Hang around this business of putting bass in the boat long enough and sooner or later you’ll wind up going wacky.

There are probably a few gals around who would agree that the man in their life has already gone a little goofy where bass fishing is concerned. But it’s not the mental condition of some poor backlash picker-outer I have in mind. When I mention wacky I’m talking about the increasingly popular method of presenting certain of your soft plastic baits to both large and smallmouth bass called “wacky style” fishing.

As experienced bass anglers know, presenting a lure wacky style means you simply hook a soft plastic bait like a worm through the middle instead of through its head end. That way both ends of the bait are free to undulate as it drops into cover or to make similar movements when it’s manipulated with movements of your rod tip.

A full time fishing guide has to find fish for his clients if he hopes to stay in business. Hang around successful guides who know what the most effective lure presentations are and wacky style worming is a cinch to be mentioned.

One of the guides I enjoy going out with most is a likeable chap named Scott Wolfe. Scott is the coordinator of guides who work out of the famed Big K Guest Ranch on Oregon’s Umpqua River. I’ve had the good fortune to share a boat with him several times on this beautiful Oregon river. In the summer months the Umpqua around the Big K provides some of the best smallmouth fishing to be found in the Western United States.
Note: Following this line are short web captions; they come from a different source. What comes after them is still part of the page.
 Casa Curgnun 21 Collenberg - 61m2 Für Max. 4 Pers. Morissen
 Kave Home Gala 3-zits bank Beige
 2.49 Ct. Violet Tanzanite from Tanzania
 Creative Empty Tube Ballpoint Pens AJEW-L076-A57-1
I mention Scott because I’ve been out with him when I needed a couple of smallmouth photos for stories I was working on. Unfortunately, there are times when larger smallmouth are downright uncooperative when it comes to having their pictures taken. Top guides like Scott know a way to get around that problem.

“I consistently get larger fish on my plastics,” Scott says, “when I rig ‘em up wacky style. I’m not sure why that is, but it works.
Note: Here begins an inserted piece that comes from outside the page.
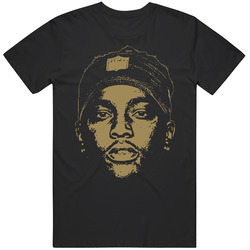Lil'jordan Humphrey New Orleans Football Player Fan Big Head T Sh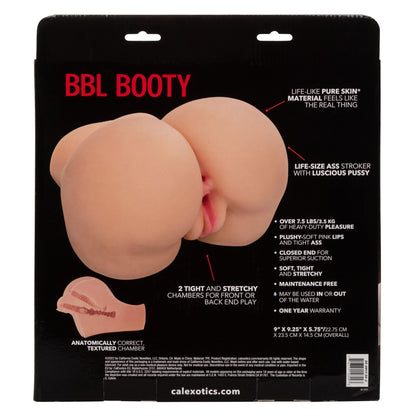 Stroke It Bbl Booty - Ivory | 716770103093 | Available at EroticWarehouse.com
There is a problem associated with fishing wacky style. It surfaces when it comes to fishing in cover. The usual method of wacky style fishing leaves the hook point exposed. I’ve got news for you. The folks who have been on the cutting edge of fishhook technology for a long, long time have taken a major step toward solving that problem.

Anybody who has fished bass enough to know a Sluggo from a Senko has heard of---and more than likely used---Gamakatsu hooks. The Gamakatsu folks started what turned out to be a revolution in the hook making industry several decades ago. Now the Gamakatsu technicians have done it again. This year they’ve come out with a brand new weedless version of the popular Gamakatsu Finesse Wide Gap Hook.

The Finesse Wide Gap was a big hit with the bassin’ crowd as soon as it hit the market a couple of years ago. My guess is the new weedless version is going to be every bit as popular.

I make that prediction because wherever your bass fishing adventures take you, sooner or later you’re going to have to fish cover to put bass in the boat. And you can emphasize the “sooner” more than the “later.” If you’ve read much of my writing over the past half century, you’ve likely seen me say that the world “always” should be eliminated where bass are concerned. I say that because the buggers don’t “always” do anything.

Be that as it may, cover is often the key to consistent bass fishing success. The bass, especially largemouth, will often be into, next to, behind or under one kind of cover or another. You’ve got to get your bait in where they are.

This new Gamakatsu Weedless Finesse Wide Gap enables you to do that. By all means take a look at it first chance you get. Weedless hooks of one kind or another have, of course, been around dang near as long as I have. This new one Gamakatsu has introduced is different than what you’re used to seeing.

http://www.ifish.net/sfweedlesswide.jpg
Gamakatsu's new weedless wide gap is shown with its weed guard in the open position.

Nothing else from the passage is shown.